The Secret of SodaStream's Successby
Maybe Americans thirst for fizzy beverages isn’t as flat as Coke and Pepsi would have us believe.
While the soft-drink giants have seen domestic sales dry up, SodaStream continues to bubble. This morning, the Israeli company said it sold 312,000 of its home carbonators in the U.S. last quarter, a 60 percent increase. The make-your-own-seltzer machines are now in slightly more than 1 percent of U.S. households, a penetration rate the company expects to double or triple in the next two years. (In Sweden, one in four households has one.) Worldwide, SodaStream posted a 25 percent increase in sales of its soda-making machines and a 28 percent increase in the syrups that mix up the drinks. A SodaStream spokesman, Yonah Lloyd, said sales of the company’s soda flavors are up significantly in the U.S. over those logged last year.
Coke, in comparison, posted a 4 percent drop in North American soft drink sales in the recent quarter. And while it does sell plenty of bottled water (with 13 percent of the market), it’s a little bit zero-sum: If someone trades soda for water, Coke hasn’t necessarily moved the needle. SodaStream, on the other hand, doesn’t have the same dichotomy. It makes flavored soda (add syrup!) and bubbly water (drink it plain!) in one fell swoop, which means there’s an appeal for customers who have soured on sugary, caffeinated drinks and for those who still want their fizzy buzz.
SodaStream has something else working in its favor: a business model that takes advantage of classic consumer psychology. The carbonator machines, priced from $80 to $200 each, qualify as a small investment, at least compared to spending $1 on a bottle of seltzer or soda every time you want one. Customers who buy the devices have a psychological incentive to keep using them, operating under the illusion that the sunk cost of the appliances is being spread out with each homemade bottle of seltzer, as well as the savings from cutting purchases of mass-produced soda. That suggests customers may keep using their SodaStream—and buying new CO2 canisters and syrups—even after the novelty of DIY soda has worn off.

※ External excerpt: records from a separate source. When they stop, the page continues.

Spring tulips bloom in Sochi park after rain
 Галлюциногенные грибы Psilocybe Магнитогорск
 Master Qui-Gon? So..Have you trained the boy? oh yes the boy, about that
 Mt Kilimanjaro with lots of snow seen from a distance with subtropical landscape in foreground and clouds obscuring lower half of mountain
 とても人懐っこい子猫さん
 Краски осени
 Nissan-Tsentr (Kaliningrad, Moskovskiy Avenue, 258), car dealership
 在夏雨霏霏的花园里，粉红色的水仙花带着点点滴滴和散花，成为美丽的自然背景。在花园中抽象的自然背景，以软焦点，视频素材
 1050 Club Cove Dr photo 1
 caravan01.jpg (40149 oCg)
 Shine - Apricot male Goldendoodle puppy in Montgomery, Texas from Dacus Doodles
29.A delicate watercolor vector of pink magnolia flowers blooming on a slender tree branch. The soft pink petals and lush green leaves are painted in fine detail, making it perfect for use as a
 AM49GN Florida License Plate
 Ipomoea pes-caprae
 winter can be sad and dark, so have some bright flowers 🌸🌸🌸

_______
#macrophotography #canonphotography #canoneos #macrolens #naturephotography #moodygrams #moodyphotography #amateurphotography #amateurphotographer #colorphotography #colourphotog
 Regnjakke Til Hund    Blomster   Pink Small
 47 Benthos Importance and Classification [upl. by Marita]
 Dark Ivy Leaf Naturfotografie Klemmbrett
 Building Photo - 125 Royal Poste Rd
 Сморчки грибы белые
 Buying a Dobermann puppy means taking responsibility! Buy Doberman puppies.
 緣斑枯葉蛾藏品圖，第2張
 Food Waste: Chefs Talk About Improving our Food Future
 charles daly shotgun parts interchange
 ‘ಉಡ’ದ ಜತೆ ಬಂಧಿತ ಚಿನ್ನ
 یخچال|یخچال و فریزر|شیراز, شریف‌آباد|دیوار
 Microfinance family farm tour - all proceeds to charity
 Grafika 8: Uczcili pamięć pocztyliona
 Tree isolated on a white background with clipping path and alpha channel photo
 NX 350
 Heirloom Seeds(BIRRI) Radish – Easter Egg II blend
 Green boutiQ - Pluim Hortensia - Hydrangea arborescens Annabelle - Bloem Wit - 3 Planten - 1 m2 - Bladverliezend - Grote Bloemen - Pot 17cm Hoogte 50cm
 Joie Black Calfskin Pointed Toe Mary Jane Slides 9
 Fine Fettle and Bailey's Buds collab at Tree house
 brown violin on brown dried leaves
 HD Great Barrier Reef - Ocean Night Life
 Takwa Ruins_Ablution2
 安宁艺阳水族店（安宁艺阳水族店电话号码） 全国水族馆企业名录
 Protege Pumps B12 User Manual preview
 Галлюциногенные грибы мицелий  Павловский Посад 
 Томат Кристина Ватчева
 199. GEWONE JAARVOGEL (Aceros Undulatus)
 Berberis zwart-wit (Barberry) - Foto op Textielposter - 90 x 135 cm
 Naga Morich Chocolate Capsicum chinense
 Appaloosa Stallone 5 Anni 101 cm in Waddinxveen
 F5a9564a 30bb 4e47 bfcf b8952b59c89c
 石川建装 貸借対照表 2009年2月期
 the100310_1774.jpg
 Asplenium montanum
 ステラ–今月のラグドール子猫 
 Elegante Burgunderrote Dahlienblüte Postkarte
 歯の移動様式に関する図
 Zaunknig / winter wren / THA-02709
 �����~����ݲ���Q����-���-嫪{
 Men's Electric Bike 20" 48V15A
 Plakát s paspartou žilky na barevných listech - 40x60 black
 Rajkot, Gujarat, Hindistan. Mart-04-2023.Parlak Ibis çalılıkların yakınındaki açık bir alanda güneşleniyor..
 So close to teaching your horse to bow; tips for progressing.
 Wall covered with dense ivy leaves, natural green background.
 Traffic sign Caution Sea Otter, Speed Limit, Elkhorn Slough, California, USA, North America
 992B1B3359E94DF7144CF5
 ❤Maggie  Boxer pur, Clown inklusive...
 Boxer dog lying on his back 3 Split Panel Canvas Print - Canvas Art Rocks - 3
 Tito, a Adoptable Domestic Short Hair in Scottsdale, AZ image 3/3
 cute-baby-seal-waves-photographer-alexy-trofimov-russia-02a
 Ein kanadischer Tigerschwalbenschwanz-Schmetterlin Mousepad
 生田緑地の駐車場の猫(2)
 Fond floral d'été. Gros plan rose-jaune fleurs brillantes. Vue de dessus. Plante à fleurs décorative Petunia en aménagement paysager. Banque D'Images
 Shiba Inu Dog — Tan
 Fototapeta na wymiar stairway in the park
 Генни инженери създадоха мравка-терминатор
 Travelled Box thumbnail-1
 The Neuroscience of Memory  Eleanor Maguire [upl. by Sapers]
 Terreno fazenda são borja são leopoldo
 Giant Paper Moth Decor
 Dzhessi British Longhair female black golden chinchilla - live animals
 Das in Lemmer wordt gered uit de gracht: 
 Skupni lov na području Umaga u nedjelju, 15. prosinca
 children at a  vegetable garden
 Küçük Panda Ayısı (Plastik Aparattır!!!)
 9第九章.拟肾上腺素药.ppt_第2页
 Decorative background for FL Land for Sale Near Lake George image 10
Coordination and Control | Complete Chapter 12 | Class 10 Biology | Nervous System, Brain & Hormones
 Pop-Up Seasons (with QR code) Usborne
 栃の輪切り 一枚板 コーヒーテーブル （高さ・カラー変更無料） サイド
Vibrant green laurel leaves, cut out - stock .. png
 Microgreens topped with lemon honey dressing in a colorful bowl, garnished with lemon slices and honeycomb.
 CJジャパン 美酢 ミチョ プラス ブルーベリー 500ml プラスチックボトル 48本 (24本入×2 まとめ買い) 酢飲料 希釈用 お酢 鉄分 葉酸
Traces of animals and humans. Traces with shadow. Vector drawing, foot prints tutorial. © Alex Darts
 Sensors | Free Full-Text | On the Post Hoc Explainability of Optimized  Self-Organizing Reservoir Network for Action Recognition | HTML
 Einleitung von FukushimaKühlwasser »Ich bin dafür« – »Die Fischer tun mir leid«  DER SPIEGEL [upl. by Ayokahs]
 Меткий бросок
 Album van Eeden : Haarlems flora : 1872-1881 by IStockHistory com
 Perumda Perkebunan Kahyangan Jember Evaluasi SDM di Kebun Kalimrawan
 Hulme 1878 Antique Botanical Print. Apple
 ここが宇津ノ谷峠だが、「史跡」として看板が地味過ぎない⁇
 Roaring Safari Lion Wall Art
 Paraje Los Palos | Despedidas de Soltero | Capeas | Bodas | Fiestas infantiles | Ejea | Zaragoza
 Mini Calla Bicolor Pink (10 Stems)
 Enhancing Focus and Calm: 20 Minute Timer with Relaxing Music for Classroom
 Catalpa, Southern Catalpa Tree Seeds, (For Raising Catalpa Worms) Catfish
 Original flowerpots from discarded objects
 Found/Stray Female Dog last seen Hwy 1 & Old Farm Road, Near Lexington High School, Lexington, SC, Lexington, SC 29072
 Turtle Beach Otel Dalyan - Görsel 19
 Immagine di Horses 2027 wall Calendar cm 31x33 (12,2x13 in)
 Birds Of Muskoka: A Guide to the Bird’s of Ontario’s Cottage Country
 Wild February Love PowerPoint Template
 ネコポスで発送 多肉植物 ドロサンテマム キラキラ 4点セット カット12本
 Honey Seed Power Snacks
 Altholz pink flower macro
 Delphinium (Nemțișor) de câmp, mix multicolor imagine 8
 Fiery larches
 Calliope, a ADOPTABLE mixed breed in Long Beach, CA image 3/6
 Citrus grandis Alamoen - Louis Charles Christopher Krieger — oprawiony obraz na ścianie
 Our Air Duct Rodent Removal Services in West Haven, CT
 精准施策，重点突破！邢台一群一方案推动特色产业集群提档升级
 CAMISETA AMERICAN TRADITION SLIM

SodaStream also has a lot of room to grow. While the cola giants have had the market saturated for decades, SodaStream is just now breaking into such big-box stores as Office Depot and Kroger supermarkets, both new in the recent quarter. That will drive revenue, regardless of whether consumers on the whole have lost their taste for sugary drinks. SodaStream Chief Executive Officer Daniel Birnbaum claimed returns have come from word-of-mouth and “a strong reception to our product innovation.” The company has placed its wares in U.S. Wal-Mart for over a year, which Birnbaum said is evidence that “growth is not dependent on new door expansion.”
What’s more, SodaStream has taken a page from Keurig and harnessed the power of other brands. It has licensing deals to sell syrups for Country Time lemonade, Kool-Aid, and Crystal Light. If Coke or Pepsi don’t buy the company—as has been rumored for some time—maybe they will at least get in on that branded-syrup action.